======== Material provided ========
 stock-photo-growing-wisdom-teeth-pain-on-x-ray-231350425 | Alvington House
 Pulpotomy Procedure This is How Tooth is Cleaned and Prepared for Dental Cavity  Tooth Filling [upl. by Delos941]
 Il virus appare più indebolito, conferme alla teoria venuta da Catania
========
======== Material provided ========
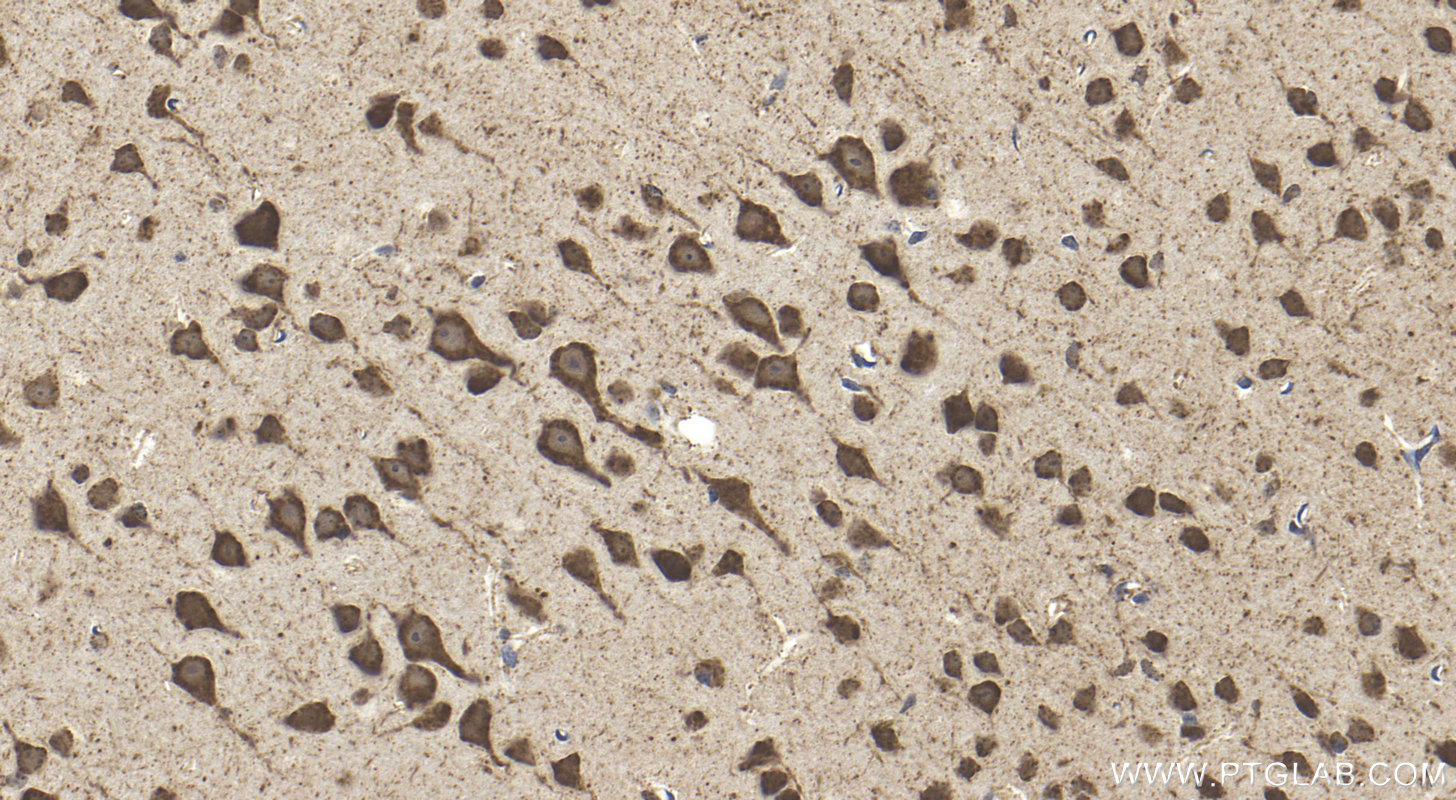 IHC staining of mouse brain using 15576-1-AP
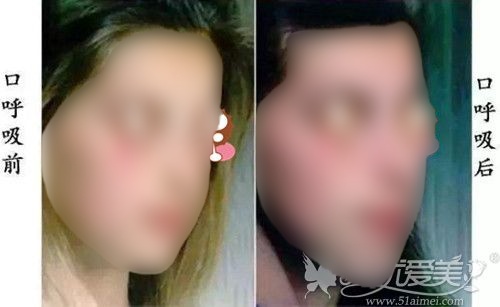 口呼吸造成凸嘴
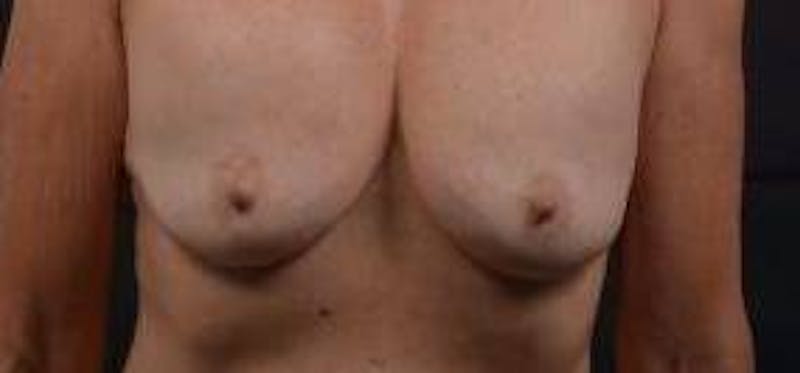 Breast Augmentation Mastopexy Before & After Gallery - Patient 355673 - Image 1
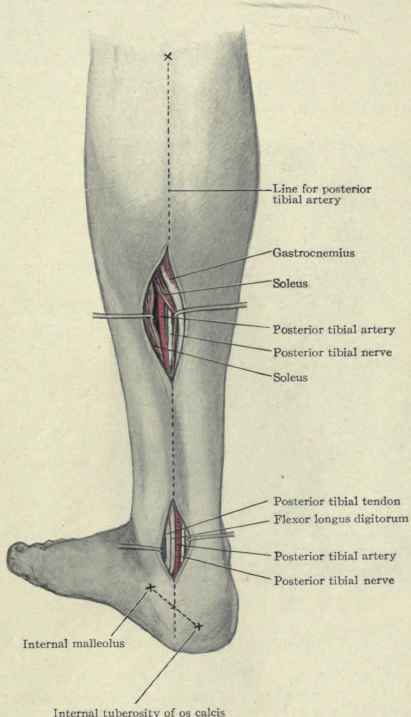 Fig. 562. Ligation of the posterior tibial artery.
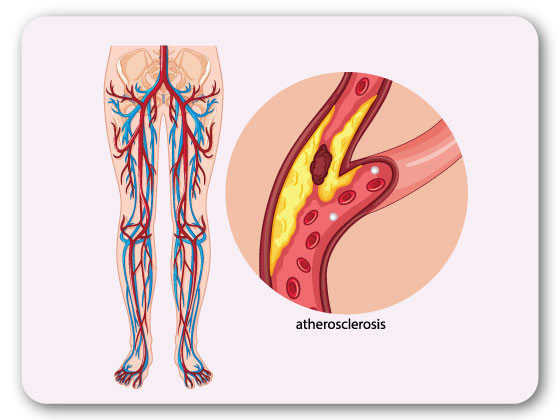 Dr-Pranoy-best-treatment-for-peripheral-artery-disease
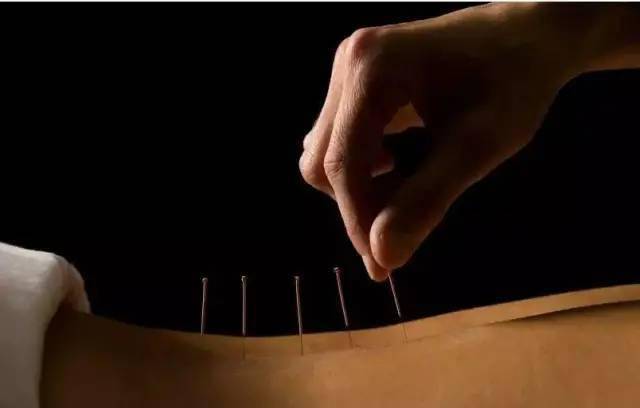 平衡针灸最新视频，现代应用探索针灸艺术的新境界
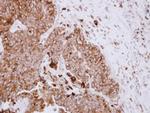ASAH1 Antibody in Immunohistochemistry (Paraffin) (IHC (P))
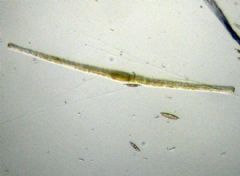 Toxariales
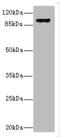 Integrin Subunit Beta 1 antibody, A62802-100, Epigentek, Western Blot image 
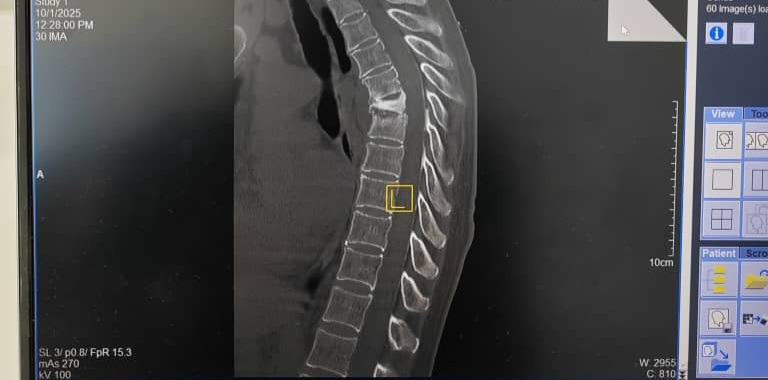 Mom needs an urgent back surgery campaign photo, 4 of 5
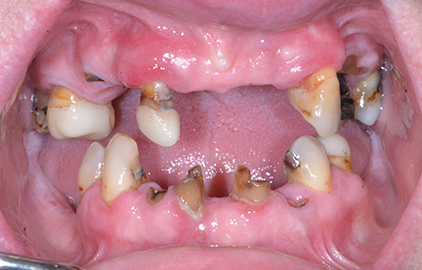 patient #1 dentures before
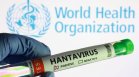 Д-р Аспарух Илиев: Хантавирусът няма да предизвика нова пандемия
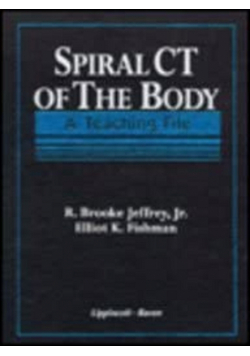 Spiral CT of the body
========
[What is being asked]
In the listing above, find the line with "IHC staining of mouse brain using 15576-1-AP" and the line with "Mom needs an". Transcribe those two and everything between, exactly, leaving out pictures.

[Solution to the exercise]
 IHC staining of mouse brain using 15576-1-AP
 口呼吸造成凸嘴
 Breast Augmentation Mastopexy Before & After Gallery - Patient 355673 - Image 1
 Fig. 562. Ligation of the posterior tibial artery.
 Dr-Pranoy-best-treatment-for-peripheral-artery-disease
 平衡针灸最新视频，现代应用探索针灸艺术的新境界
ASAH1 Antibody in Immunohistochemistry (Paraffin) (IHC (P))
 Toxariales
 Integrin Subunit Beta 1 antibody, A62802-100, Epigentek, Western Blot image 
 Mom needs an urgent back surgery campaign photo, 4 of 5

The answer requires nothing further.